L’objectif affiché des directions des entreprises concernés est de renvoyer un message rassurant aux actionnaires, pas aux salariés.Les engagements pris par la direction de  Bouygues Telecom ne concernent d’ailleurs que le fait de ne pas faire de « départs contraints ». Mais tout le monde sait dans le monde de l’entreprise désormais, que le plus probable est une somme de « démissions volontaires », des non-remplacements de personnel en départ en retraite etc. Les syndicats de SFR ont clairement communiqué sur le sujet : « Finalement, quel que soit le projet, explique Damien Bornerand, délégué CGT chez SFR, il y aura de la casse sociale : si c'est Bouygues qui nous rachète, il y aura des doublons et donc il faudra supprimer des emplois. Si c'est Numericable, la charge de la dette sera telle qu'il faudra réduire les coûts pour investir et donc supprimer des postes aussi. »

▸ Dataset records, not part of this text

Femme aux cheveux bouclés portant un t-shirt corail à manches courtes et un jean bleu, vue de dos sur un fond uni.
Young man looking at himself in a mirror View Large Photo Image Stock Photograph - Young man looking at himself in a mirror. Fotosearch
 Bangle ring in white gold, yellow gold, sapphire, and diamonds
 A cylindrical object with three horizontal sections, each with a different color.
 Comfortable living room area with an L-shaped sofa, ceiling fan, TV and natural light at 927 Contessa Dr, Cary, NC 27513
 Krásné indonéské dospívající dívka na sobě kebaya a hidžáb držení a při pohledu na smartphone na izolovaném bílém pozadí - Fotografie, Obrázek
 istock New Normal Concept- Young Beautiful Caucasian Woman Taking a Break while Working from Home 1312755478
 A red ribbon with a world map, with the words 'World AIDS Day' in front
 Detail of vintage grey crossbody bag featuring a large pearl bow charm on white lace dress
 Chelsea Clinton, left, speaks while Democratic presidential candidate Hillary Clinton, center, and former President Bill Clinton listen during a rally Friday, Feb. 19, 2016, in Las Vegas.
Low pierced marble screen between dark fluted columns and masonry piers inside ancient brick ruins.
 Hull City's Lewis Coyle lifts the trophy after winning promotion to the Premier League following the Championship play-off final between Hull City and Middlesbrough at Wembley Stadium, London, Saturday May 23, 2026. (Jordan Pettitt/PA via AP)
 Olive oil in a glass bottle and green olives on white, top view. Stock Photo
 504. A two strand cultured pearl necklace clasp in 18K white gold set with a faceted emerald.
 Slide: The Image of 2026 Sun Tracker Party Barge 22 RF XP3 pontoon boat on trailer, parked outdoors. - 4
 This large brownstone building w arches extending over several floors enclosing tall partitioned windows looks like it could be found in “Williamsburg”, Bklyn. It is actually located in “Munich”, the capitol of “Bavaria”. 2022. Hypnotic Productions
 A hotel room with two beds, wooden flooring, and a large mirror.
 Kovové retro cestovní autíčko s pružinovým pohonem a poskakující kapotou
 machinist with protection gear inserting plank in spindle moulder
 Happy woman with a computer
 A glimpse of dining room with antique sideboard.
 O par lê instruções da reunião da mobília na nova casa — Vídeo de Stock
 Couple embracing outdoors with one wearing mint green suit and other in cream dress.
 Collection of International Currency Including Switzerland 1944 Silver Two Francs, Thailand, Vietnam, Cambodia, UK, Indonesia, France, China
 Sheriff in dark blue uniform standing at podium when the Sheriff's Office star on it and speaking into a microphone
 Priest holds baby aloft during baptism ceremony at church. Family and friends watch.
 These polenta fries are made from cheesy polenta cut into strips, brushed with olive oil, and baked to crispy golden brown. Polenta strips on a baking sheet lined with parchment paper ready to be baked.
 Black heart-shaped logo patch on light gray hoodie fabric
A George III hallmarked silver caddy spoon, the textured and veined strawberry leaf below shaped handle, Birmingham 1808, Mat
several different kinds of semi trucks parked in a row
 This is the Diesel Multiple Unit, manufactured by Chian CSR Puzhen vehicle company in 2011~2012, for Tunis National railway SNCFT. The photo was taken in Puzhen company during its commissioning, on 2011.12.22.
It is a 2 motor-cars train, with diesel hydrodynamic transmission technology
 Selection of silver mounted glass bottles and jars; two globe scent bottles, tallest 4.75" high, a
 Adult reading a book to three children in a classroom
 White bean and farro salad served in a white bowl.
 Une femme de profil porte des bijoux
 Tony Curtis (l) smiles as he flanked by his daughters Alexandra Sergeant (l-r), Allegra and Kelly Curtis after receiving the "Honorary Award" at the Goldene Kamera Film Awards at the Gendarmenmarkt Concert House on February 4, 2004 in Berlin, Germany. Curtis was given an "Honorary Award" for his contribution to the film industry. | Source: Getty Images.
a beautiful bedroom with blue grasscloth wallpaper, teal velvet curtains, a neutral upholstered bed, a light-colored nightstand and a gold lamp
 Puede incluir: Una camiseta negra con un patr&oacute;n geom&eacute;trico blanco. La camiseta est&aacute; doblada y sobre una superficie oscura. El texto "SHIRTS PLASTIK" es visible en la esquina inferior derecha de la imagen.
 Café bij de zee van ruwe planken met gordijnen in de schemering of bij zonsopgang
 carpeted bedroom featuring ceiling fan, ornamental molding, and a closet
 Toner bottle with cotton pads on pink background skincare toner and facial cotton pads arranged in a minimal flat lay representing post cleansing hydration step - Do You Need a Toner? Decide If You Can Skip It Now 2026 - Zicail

La prise de consience qu’il n’y aura pas de salariés gagnants et de salariés perdants selon leur appartenance à telle ou telle entreprise du secteur, mais des emplois perdus pour tous, avec la pression sur les salaires et les statuts de personnel qui accompagnent toujours ces restructurations, est une condition indispensable de résistance.